We've pretty clear evidence from our website and from market research what it is that interests most people at this stage about London 2012.

And it is - with an appropriate fanfare - the Olympic torch relay.

On Monday, as we published details of the Torch's route across the UK, there were more than 2m views of that information on bbc.co.uk.

This ties in with the research that shows it's the thing more people want to try to see than anything else, which is perfectly logical given that the flame will travel all around the country and could even be coming along your street.

So here at the BBC we're taking the Torch relay seriously.

It's a chance to share the Olympics across the whole of the United Kingdom, and if it works it should do two things - help everyone feel part of London 2012, but also celebrate the communities of our islands as they have their moment in the spotlight.

We'll disclose our network coverage plans nearer the time. Today, though, we're announcing a range of programming across the BBC's Nations and Regions - which will mean audiences will have unrivalled access to the Olympic torch story when it's in their area.

Each of the BBC's Nations and Regions will transmit a special extended version of their flagship News programmes when the flame is in their patch. This means they will be on air from 6.30 to 7.30, replacing The One Show for just one night. The plan looks like this:

22 May Olympic Torch Live: West, Bristol
24 May Olympic Torch Live: West Midlands, Worcester
25 May Olympic Torch Live: Wales, Cardiff
1 June Olympic Torch Live: North West, Liverpool
6 June Olympic Torch Live: Northern Ireland, Belfast
13 June Olympic Torch Live: Scotland, Edinburgh
15 June Olympic Torch Live: North East, Newcastle
18 June Olympic Torch Live: East Yorks and Lincs, Hull
25 June Olympic Torch Live: Look North (Yorks), Sheffield
29 June Olympic Torch Live: East Midlands, Derby
3 July Olympic Torch Live: East, Peterborough
12 July Olympic Torch Live: South West, Weymouth
13 July Olympic Torch Live: South, Bournemouth
18 July Olympic Torch Live: South East, Dover

The shows will be live from the evening celebration events in our major towns and cities and we're confident they'll be a popular addition to the schedule. But if for some reason you'd rather stay with the network schedule, you'll be able to on satellite and cable providers or by tuning to BBC One HD.

This will be supplemented by radio - by the national stations Radio Ulster, Radio Scotland, Radio Wales and Radio Cymru, and by local radio across the English regions.

Most typically the flagship output will be at breakfast time as the Torch is starting its journey, but you'll be able to keep in touch all day while the torchbearers and convoys are wending their way across the countryside.

On the evidence of previous host countries, it's when the flame makes its appearance that the public realise the Games are really, finally about to begin.

The UK looks like it's already spotted that, so we'll do our best to live up to those expectations locally and regionally as well as nationally and internationally.

Comments

  • Comment number 1.

    I know I posted this on your blog entry, but thought I'd post here too in case you'd moved on and only monitored comments on your most recent entry...

    I'm wondering if the BBC are planning on waiving the licence fee requirements for the opening and closing ceremonies, and maybe the super Saturday coverage to encourage community events.

    They did this for the royal wedding last year - it would seem a fitting time to do so again - it's not like we host the Olympics very often...

  • Comment number 2.

    I'm carrying it in South Shields, Newcastle on the 16th of June!

  • Comment number 3.

    Just wondering why there is no local coverage from the BBC when the relay starts in Devon and Cornwall a full two days before they start any local coverage.
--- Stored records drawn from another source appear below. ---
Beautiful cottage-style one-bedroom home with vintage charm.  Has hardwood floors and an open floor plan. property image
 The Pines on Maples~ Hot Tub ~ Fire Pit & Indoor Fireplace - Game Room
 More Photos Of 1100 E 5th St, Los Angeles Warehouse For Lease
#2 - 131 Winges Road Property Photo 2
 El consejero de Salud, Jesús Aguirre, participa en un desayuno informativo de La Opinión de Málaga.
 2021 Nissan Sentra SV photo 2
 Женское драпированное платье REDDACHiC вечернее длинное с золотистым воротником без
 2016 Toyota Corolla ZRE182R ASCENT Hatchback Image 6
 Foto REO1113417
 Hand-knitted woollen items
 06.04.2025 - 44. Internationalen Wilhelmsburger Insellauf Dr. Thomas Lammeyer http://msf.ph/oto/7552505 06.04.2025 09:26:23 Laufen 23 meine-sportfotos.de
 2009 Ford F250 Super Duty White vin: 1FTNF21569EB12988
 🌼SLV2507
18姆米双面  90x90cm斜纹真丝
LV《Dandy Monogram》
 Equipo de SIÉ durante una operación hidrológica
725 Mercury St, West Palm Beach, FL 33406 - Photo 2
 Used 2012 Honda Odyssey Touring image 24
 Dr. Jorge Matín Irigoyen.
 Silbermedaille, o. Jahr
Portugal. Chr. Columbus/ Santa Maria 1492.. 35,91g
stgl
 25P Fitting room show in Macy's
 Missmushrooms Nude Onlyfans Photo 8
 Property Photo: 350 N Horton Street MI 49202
Seems strange to me.

    My son, who is Autistic, is carrying the torch through Ilfracombe and it would be good to see someone with his disability being properly recognized, rather than see all the negative publicity that Autism seems to attract.

  • Comment number 4.

    Dan in #1: I read all the comments, promise, but just waiting for some information before I reply to this.

    Peripat in #3: There will be extensive network coverage of the Torch in the south-west, which we'll announce later in the Spring. The arrival of the Flame at Culdrose on Friday 18th May and then the start of the Relay itself on Saturday 19th May will be BBC One moments UK-wide --- supplemented, of course, by local radio and regional television coverage in Cornwall and Devon. Meantime, best of luck to your son!

  • Comment number 5.

    Interesting to note, that in all the build up to this year's games and the relay there has been no mention in the mainstream press of the Olympic torch relay's Nazi origins - it doesn't originate from Ancient Greece, but was brainchild of Joseph Goebbels and the Nazi's in the run up to the Berlin Oympics of 1936, in a classic example of Nazi pomp & show.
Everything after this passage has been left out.